T.E.R:R.A.I.N - Taranaki Educational Resource: Research, Analysis and Information Network

Leionema nudum (Mairehau)

Kingdom: Plantae
(Unranked): Angiosperms
(Unranked): Eudicots
(Unranked): Rosids
Order: Sapindales
Family: Rutaceae
Genus: Leionema
Species: L. nudum
Binomial Name: Leionema nudum (nudum = naked)
Synonym: Phebalium nudum
Common names: Mairehau, Māireire

Leionema nudum is a native shrub that endemic to the lowland forests of the North Island where it is locally distributed from Te Paki south to Pukenui Hill, Kawhia in the west and the northern Kaimai Range in the east. It is rather uncommon south of Auckland and Thames.

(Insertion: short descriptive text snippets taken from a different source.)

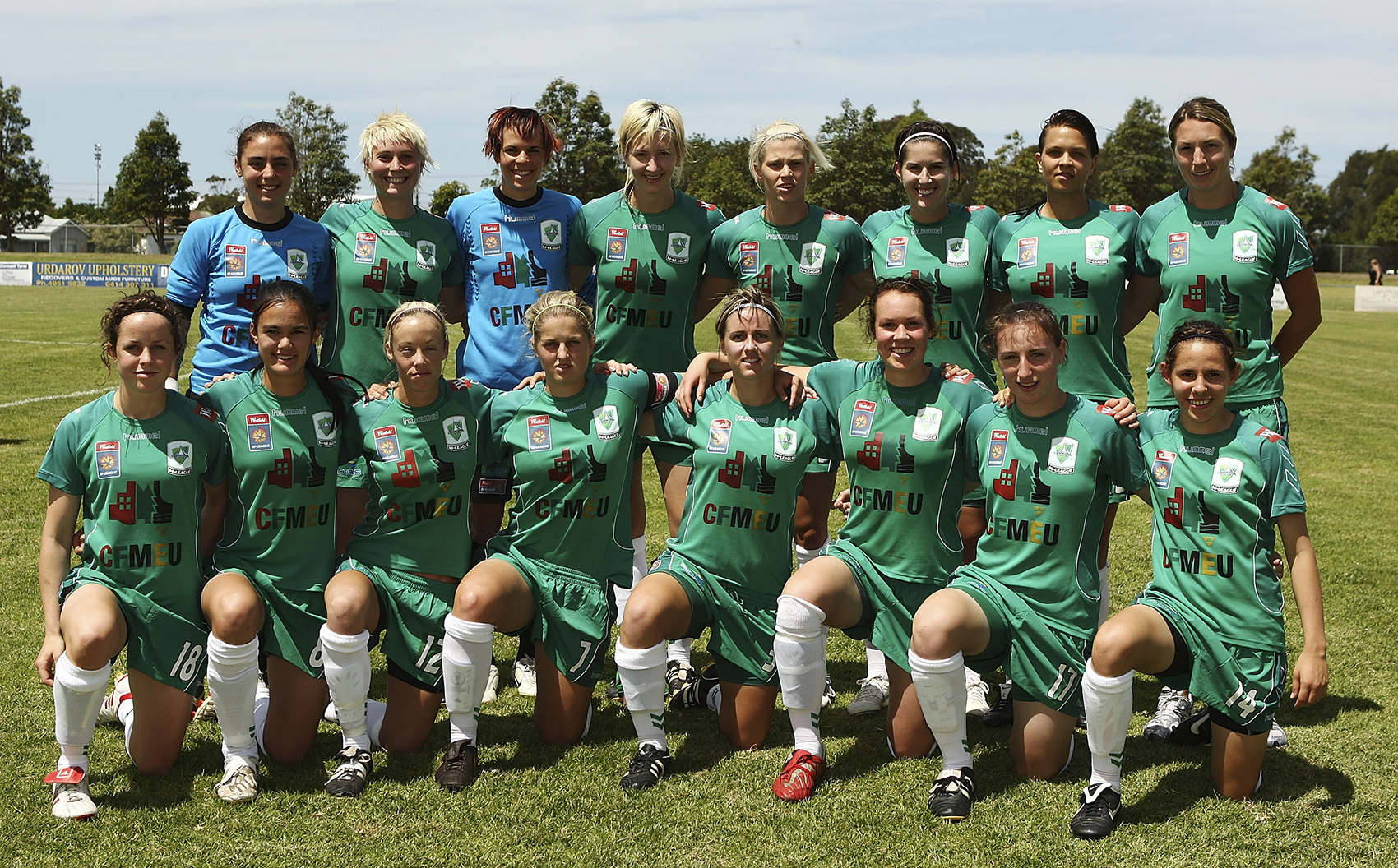 Canberra United v Newcastle Jets Three classic clashes Canberra United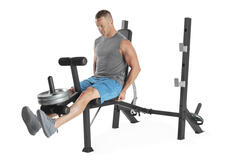 Menards fitness equipment sale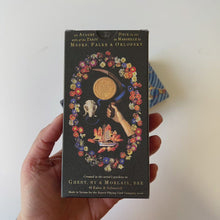 Load and play video in Gallery viewer, THE TAROT OF THE DROWNING WORLD
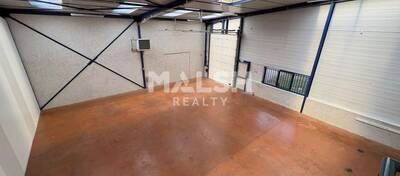 REXIM - Local d'activités - Rhône - Saint-Genis-Laval - 10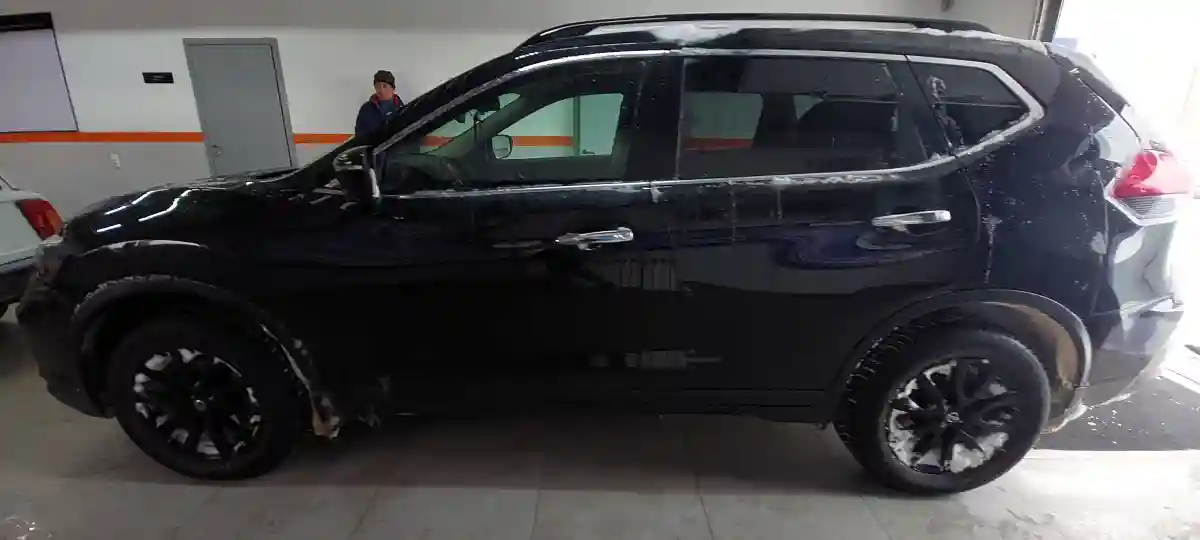 Nissan X-Trail 2021 года за 15 000 000 тг. в Уральск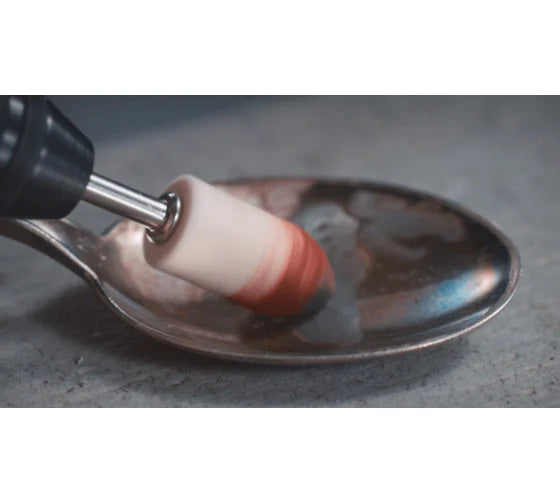Dremel 422 Polishing Accessory (26150422JA)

Leionema nudum has many branches and grows to a height of 4 m. The branchlets are slender with a reddish bark that is covered in stellate hairs (a hair that is split into several strands at the free end). The stiff, undivided, linear-oblong, alternate, brownish-green leaves are 20-40 mm long and are arranged along stem. Their margins are toothed and both surfaces are dotted with oil glands. The leaves and terminal branchlets when crushed give off a pleasant aromatic odour. This is because they contain a clear, greenish-yellow essential oil. This oil contains citral, citronellal, cinnamic acid, camphene, limonene, and isoborneol. The Māori used the crushed leaves as a perfume.
In October it has clusters of white bisexual flowers (8-13 mm diam.) which have 5 petals and eight to ten long stamens and the sepals are minute. The ovary which sticks up above the petals has 4-5 ridges and a long style.
The fertilisation flowers develop into 4-lobed fruit. The fruits dry and each contains four compartments containing 1-2 seeds.

Photographed at Otari Native Botanic Garden and Wilton's Bush Reserve. 

The upper surface of a leaf with oil glands visible. 

The underside of a leaf with notched margins.